The structure is made up of circles which have 3 way junctions throughout (3 handed in the case of skydivers ! ). This can be regarded a map and so I will apply my Four Colour Theorem continuous line overdraw which I devised in the early 1970’s.
I was trying to prove the Four Colour Theorem, which states that no more than four colours are required to colour all the regions of a map. My basic idea was that drawing a single continuous overdraw throughout a map would split it into two chains of alternate regions, which would demonstrate that only 4 colours were required. If more than one continuous overdraw resulted then there were still only two types of chains of alternate regions.
As you will probably know, this theorem has many complexities which I will not attempt to cover here. In the mid 1970’s I corresponded with two mathematicians at the Open University about my approach, Robin Wilson and Fred Holroyd, who were both very helpful and encouraging. The theorem was proven in 1976 by Kenneth Appel and Wolfgang Haken, running one of the biggest computers for over 1000 hours. I soon decided that it was time to go onto other things! However, my journey had been fascinating with numerous amazing findings which have been so useful in my art.
I can keep to relatively simple methods for my pictures.
Here is the design, used above, with my initial overdraws shown in red.
On final completion of the overdraws, every junction should have two of its three legs overdrawn and so the start decision (1) above overdraws two legs and this means that the third leg, which I call a “spar”, links to another junction where the other two legs must be overdrawn.
We then carry on making decisions which trigger other overdrawn lines across spars. Usually there is a “knock on” effect where new overdraws connect with already overdrawn lines which then trigger more overdraws.
If we go wrong and a junction is triggered which has all three legs overdrawn, or none, we have to go back and change earlier decisions in a controlled process.
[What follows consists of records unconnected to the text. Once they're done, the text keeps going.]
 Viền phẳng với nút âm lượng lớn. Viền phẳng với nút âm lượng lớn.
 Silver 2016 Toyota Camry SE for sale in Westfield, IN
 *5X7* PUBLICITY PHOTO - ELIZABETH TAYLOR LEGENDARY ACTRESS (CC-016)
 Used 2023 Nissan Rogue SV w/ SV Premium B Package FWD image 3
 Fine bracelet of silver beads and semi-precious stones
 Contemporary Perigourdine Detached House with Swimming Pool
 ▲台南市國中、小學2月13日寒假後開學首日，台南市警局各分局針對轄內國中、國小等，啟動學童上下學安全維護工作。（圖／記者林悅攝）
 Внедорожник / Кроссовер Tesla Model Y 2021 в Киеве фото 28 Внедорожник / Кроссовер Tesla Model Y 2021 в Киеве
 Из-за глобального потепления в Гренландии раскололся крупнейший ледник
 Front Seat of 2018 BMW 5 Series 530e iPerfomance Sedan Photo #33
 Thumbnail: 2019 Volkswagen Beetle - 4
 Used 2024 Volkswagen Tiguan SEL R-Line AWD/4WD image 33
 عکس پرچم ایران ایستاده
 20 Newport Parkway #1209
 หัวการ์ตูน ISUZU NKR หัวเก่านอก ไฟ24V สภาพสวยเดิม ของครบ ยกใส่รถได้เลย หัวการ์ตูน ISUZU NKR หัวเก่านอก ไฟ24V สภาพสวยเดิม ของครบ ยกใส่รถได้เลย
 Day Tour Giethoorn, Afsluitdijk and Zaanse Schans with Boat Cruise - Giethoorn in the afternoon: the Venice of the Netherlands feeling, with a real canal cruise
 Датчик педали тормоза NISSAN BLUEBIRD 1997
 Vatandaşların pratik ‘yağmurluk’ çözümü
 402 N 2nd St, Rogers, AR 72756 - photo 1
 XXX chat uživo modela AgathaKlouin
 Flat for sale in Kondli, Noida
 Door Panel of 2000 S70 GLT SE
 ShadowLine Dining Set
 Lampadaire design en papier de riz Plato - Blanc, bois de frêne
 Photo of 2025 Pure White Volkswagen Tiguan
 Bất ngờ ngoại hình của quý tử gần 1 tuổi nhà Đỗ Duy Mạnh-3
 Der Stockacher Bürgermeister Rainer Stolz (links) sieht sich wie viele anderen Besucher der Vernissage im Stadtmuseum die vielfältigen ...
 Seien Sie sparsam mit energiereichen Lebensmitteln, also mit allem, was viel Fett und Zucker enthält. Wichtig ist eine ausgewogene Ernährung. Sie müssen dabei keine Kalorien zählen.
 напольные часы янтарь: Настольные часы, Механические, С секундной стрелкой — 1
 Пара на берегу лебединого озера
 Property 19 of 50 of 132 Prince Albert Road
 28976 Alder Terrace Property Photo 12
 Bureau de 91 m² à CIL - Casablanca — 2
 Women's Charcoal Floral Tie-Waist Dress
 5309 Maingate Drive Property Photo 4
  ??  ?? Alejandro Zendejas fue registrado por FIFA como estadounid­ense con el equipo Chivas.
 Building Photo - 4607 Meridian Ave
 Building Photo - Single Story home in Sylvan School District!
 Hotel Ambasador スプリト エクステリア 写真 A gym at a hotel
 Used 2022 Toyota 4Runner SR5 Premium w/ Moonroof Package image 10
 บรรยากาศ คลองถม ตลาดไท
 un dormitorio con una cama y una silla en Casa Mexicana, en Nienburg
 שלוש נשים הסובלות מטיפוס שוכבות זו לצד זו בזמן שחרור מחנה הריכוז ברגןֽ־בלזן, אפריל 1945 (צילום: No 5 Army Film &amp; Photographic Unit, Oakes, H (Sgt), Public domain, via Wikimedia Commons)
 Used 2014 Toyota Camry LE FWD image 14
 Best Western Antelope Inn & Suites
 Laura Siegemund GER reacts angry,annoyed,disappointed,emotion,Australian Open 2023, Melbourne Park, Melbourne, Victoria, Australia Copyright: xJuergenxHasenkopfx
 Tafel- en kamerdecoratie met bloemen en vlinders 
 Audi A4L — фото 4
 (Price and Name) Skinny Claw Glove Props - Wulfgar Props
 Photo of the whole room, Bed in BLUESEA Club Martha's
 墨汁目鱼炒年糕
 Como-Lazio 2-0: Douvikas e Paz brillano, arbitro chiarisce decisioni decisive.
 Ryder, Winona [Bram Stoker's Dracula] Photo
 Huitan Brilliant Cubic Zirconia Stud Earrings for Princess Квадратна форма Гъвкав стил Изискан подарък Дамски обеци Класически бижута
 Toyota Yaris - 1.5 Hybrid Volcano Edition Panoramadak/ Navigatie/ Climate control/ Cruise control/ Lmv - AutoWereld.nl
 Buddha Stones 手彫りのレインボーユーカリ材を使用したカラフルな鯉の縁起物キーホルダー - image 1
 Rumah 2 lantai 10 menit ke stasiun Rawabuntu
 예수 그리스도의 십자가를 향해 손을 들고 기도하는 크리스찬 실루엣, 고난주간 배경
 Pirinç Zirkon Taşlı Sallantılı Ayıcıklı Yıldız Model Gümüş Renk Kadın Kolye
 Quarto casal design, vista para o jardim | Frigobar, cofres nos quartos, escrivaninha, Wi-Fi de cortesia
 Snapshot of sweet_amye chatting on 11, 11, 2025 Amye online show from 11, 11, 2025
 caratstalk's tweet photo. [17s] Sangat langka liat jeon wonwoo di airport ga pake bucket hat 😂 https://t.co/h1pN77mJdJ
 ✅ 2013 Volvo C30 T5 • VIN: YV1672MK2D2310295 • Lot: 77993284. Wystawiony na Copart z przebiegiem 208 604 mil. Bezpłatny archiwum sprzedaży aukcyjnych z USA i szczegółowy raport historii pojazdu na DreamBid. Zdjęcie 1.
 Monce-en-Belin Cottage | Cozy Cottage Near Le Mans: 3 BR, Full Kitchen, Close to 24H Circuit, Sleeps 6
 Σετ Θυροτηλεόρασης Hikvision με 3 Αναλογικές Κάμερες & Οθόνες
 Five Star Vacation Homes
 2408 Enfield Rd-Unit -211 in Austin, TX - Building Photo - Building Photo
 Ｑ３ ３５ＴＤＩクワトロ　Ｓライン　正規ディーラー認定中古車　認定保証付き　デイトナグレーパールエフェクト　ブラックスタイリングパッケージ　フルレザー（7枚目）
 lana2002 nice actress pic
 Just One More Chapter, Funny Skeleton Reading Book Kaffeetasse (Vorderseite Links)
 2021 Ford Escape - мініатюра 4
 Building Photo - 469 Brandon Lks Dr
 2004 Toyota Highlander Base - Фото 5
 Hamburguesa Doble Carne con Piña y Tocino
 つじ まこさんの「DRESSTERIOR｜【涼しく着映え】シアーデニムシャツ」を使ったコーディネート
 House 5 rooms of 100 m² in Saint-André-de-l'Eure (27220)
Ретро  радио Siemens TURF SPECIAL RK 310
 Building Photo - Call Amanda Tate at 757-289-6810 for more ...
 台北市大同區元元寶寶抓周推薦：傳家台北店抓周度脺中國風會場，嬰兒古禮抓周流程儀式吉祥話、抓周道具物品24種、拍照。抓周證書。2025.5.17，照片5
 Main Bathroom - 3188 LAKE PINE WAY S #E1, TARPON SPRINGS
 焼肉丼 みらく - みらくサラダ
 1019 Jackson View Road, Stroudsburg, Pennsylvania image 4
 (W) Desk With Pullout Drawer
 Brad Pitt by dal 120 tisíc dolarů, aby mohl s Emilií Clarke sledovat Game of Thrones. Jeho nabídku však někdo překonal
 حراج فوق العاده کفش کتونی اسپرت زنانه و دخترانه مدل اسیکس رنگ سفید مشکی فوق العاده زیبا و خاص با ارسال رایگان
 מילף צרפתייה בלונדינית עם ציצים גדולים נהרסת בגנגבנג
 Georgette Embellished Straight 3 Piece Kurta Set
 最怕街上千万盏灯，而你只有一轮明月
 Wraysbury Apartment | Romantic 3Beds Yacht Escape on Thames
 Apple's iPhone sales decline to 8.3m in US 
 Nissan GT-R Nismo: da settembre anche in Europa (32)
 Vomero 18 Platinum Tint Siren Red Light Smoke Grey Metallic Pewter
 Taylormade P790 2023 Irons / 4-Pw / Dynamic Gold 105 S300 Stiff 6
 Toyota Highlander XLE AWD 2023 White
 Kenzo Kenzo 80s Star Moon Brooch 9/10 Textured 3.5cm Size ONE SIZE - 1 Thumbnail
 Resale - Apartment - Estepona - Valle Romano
I usually photocopy the overdraws completed, every two or three stages, so that going back is not too time consuming.
Here is the situation after decision (3). Decision (2) in blue had only triggered two overdraw sections but decision (3), in green, has triggered ten sections to be overdrawn in green.
Here is the completed overdraw. It can be seen that some decisions still only trigger one or two overdraws, but decisions 5 and 7 triggered 13 and 12 overdraws respectively. There are 80 junctions in the design and it took 11 decisions to complete the overdraws.
The completed overdraw has several continuous overdraws. I tried other variations but had to accept that this design cannot be overdrawn with a Single Continuous overdraw. This is due to the design having basically only two full rings of circles, which means that some tips of petals cannot be included in a continuous overdraw.
This situation can be overcome by adding links between the tips of the petals to produce that extra ring of areas. Here is the expanded design and the stages of overdraw. I managed to complete the Single Continuous overdraw in one sequence without having to go back to change any decisions.
Of course it looks better with one solid colour overdraw and no decision numbers.
I have said that the method of overdraw was developed with Four Colours in mind, and so you could use one pair of colours alternately within the above overdraw and another pair of colours on the outside of the overdraw (which can include the background).
I have found another interesting result in that if you use strong colours inside the overdraw, as it is the main image, and neutral colours outside (or even leave the outside blank) then the gaps between the “petals” show good use of space. Here is the design simply coloured in strong red inside the overdraw, which creates a good contrast as the background seeps in.
The chains of areas produced by the continuous overdraws can be coloured, not just in two pairs of colours to demonstrate Four Colours, but with a colour sequence or a mixture of sequence, alternate colours or even one colour. In the last picture I have used colour sequence on main chains of areas related to the central space and, as a contrast, light grey on the chains connected to the outside of the design.
This is one of the first paintings that I produced after discovering my Four Colour Theorem overdraw in 1971. I called the picture “Star Burst”, one of my first planetary pictures.